Description of the task: Only the lines from the beginning of the data below through the line that contains "Bathroom Corner Shelf" should be repeated, exactly as written.

Stored records:
□ □ □ □
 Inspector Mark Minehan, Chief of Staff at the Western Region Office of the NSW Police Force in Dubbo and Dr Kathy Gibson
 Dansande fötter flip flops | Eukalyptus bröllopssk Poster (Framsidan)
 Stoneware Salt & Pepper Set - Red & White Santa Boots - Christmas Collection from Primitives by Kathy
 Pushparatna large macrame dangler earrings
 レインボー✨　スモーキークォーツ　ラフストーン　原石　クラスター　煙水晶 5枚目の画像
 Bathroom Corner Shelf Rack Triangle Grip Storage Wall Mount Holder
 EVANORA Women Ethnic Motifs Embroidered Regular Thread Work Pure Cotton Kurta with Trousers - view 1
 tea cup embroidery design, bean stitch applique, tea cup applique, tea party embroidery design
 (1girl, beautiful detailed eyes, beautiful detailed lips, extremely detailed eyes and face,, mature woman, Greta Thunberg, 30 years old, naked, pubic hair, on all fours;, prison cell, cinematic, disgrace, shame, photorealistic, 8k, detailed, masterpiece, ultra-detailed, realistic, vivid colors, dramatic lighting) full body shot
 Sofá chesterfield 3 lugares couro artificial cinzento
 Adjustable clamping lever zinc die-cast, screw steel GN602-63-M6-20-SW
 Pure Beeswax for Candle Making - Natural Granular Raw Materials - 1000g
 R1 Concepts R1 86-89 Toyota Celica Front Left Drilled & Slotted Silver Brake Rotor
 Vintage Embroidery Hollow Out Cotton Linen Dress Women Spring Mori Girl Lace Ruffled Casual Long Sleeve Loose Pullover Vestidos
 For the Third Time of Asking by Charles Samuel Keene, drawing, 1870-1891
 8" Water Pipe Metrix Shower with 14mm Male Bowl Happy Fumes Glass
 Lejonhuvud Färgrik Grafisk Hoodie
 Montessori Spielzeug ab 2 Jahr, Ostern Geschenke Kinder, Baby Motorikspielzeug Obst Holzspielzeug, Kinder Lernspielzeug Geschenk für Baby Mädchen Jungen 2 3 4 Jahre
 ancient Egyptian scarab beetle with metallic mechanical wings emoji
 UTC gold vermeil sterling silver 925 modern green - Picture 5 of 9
□ □ □ □
Reply to the task:
 Inspector Mark Minehan, Chief of Staff at the Western Region Office of the NSW Police Force in Dubbo and Dr Kathy Gibson
 Dansande fötter flip flops | Eukalyptus bröllopssk Poster (Framsidan)
 Stoneware Salt & Pepper Set - Red & White Santa Boots - Christmas Collection from Primitives by Kathy
 Pushparatna large macrame dangler earrings
 レインボー✨　スモーキークォーツ　ラフストーン　原石　クラスター　煙水晶 5枚目の画像
 Bathroom Corner Shelf Rack Triangle Grip Storage Wall Mount Holder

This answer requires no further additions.